Actually, by the last half an hour you’ll have no trouble guessing who the killer is, it’s quite obvious despite of all the trickery to divert your reasoning elsewhere... like holding one of the red herring characters in freeze frame for a few seconds at the end of a scene. Yes... this movie features a wretched seventies style freeze frame in the middle of the damned movie! How bizarre is that?
So... let’s see what we’ve got here so far. Brutal murders, female nudity, impressive acting, brilliant lighting and some pretty cool shot compositions including a return to the compartmentalising and vertical splitting of the frames similar to the same director’s work on Zombie Flesh Eaters (aka Zombi 2) and which led me some years back to arrive at the conclusion that Zombie Flesh Eaters is the visual soul mate to Breakfast At Tiffany’s.
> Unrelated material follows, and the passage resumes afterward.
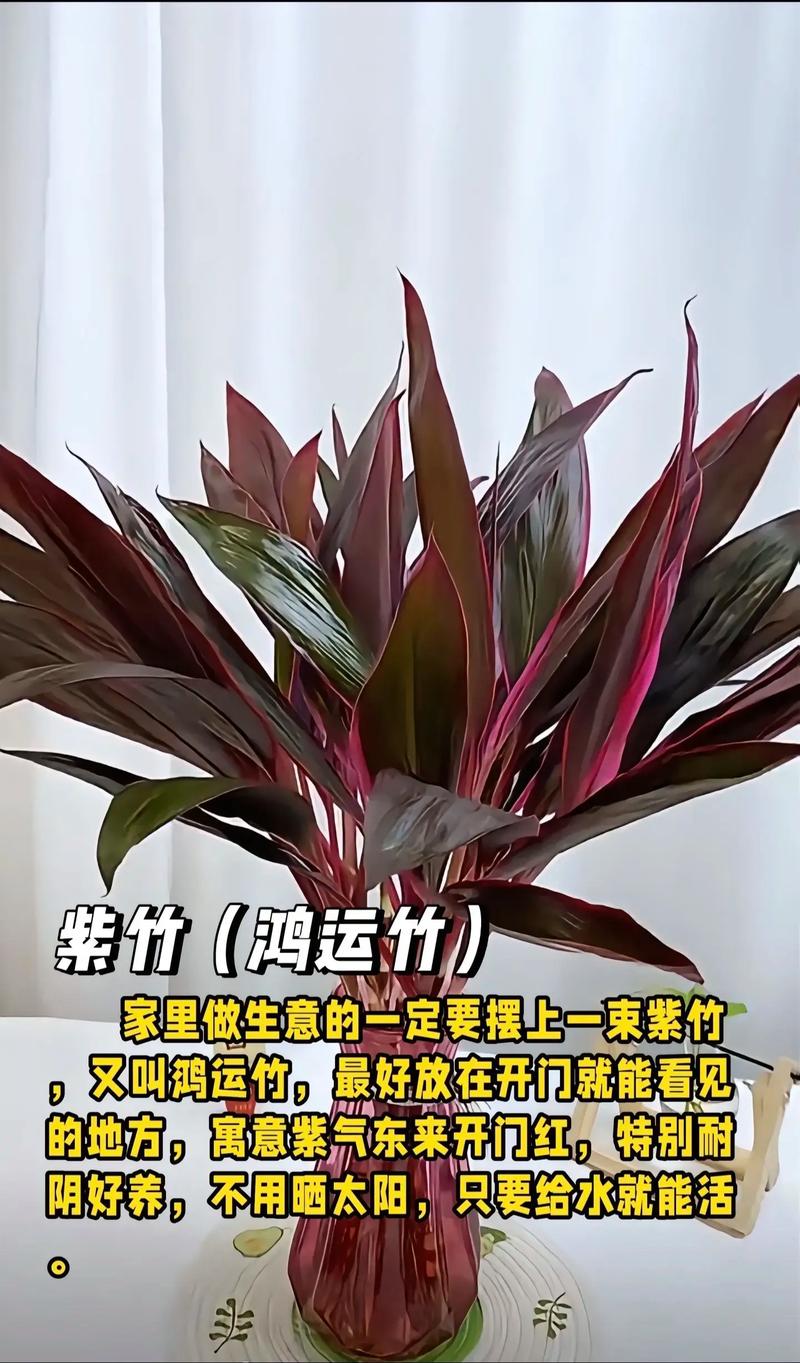 住宅种花对风水有好处吗？哪种植物更适宜？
Ok... what I’m missing out here is the quite strong taint of misogyny that seems to be a subtext to the very male world depicted in this movie. Now directors like Bava, Argento and, indeed, Fulci have come under fire for being misogynistic in their movies before but it’s never really been an argument that holds any water for me up until now. I think these kinds of films are easily defendable because, more often than not, just as many men are as brutally and violently killed in these movies as women and, frankly, the whole “final girl” syndrome of having a lone, female survivor facing the final peril in these kinds of movies and in their less palatable cousin, the American slasher horror movie, single these films out as having the strongest and most interesting female characters in films... much more positive roles for women than in their non-giallo, non-horror counterparts. Strong roles for women are hard to come across... unless you start looking in the horror and giallo genres.
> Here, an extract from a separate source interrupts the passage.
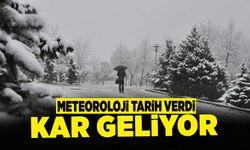 Meteoroloji Tarih Verdi! Sakarya'ya Kar Geliyor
Nevertheless, I got a real sense of objectification and “women as meat” right from the bat in this movie. Not from the titular killer, who talks like a deranged Donald Duck and has his/her own twisted but semi-understandable motivations for his/her horrendous crimes but from pretty much all the other male characters in the movie. Even the detective sees a hooker for her services but treats her in almost a derogatory manner (that is until she is sliced and diced by the killer)... and I was quite surprised at the level of male chauvinistic attitude on display in this movie. Out of all of these kinds of films, I find this to be the least defensible and most deserving of the accusations of misogyny that it’s garnered over the years.. although I suspect the argument for that case has probably been so blinkered and tarnished by the brutality of the killing on display in this one for me to take that argument too seriously on its own terms.
Nevertheless the accusation stands... and I’d have to, surprisingly, add my voice to that accusation (something I never thought I’d have to hear myself doing) or at least acknowledge the presence of it in this movie.
Asides from that one flaw though... and I’m not even sure we can call it a flaw without hearing the direct intentions of the artist who directed this work... The New York Ripper is truly one of the great gialli and while not as great as some of his own entries in the genre, Fulci can hold his head up high with the likes of Bava, Argento, Martino, Cozzi etc on this one.
An enjoyable and interesting movie and definitely a must-see for giallo buffs everywhere.